● Work instructions
Your task is to retype, exactly and only, the lines from the one containing "ビッグサイズ!4センチサイズ" to the final line of the entries, leaving out all pictures.

● Records supplied
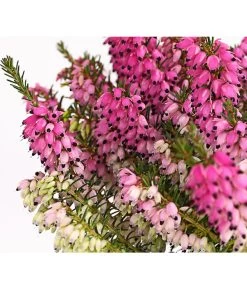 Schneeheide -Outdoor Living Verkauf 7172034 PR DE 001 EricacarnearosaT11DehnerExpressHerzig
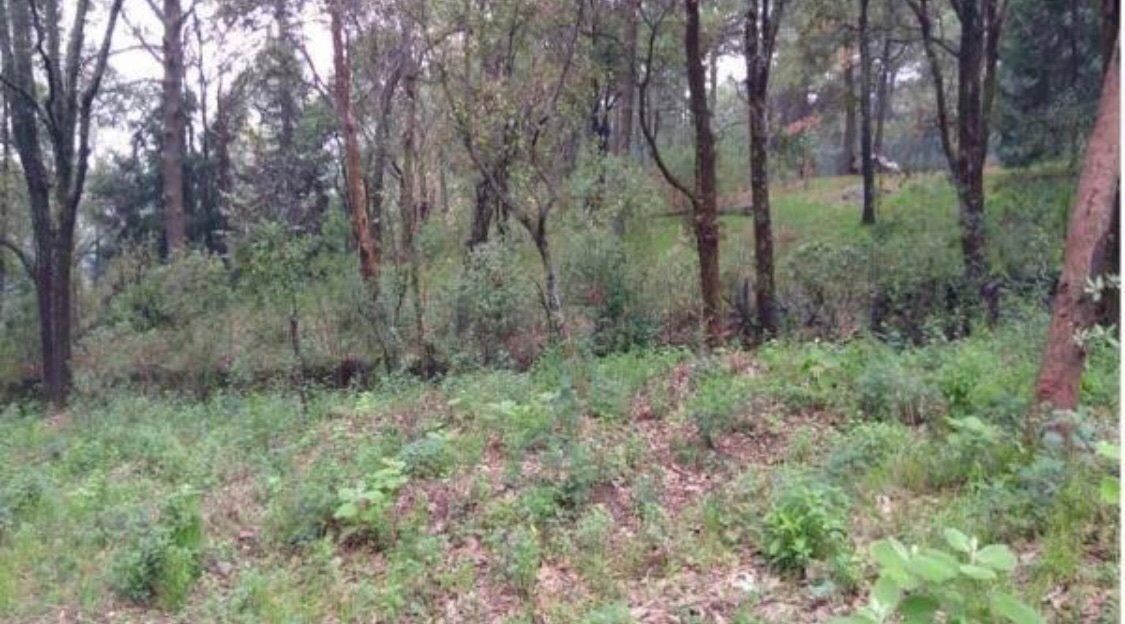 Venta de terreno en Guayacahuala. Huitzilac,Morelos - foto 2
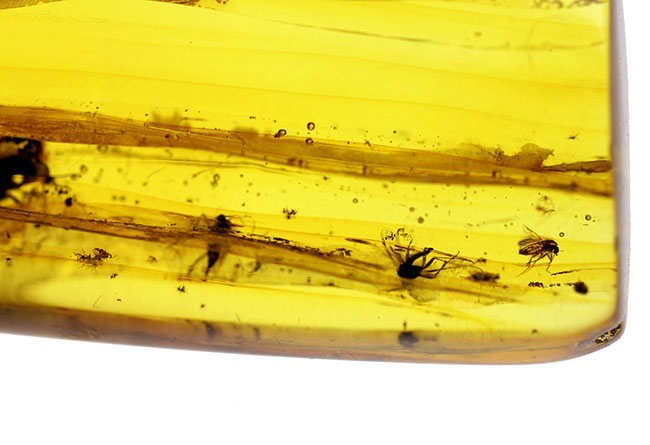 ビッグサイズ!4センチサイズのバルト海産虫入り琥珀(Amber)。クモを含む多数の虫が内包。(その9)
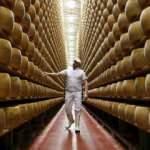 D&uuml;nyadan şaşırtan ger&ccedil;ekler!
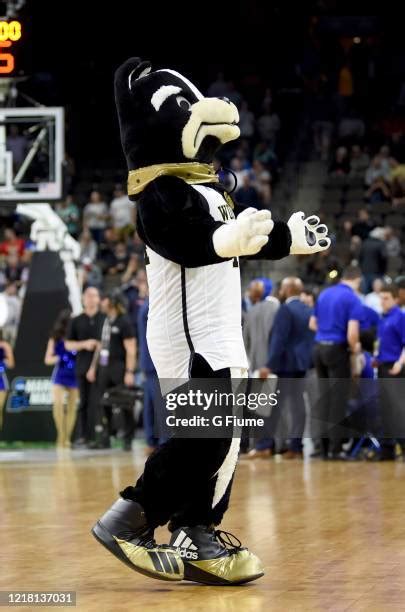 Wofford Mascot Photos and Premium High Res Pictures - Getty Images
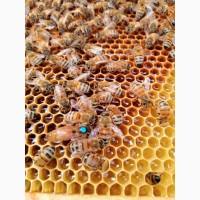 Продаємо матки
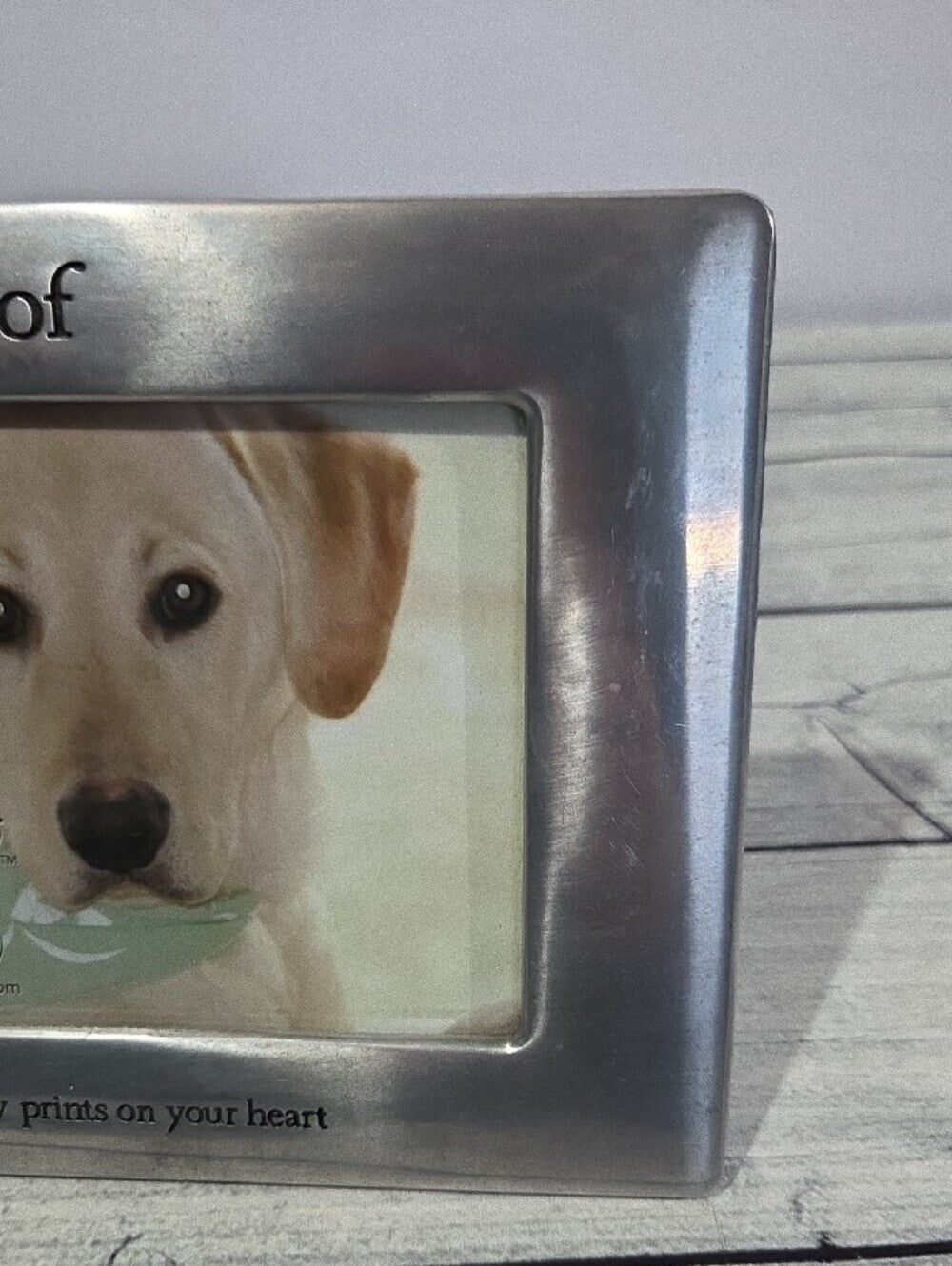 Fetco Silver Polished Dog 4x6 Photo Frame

● Response to this task
 ビッグサイズ!4センチサイズのバルト海産虫入り琥珀(Amber)。クモを含む多数の虫が内包。(その9)
 D&uuml;nyadan şaşırtan ger&ccedil;ekler!
 Wofford Mascot Photos and Premium High Res Pictures - Getty Images
 Продаємо матки
 Fetco Silver Polished Dog 4x6 Photo Frame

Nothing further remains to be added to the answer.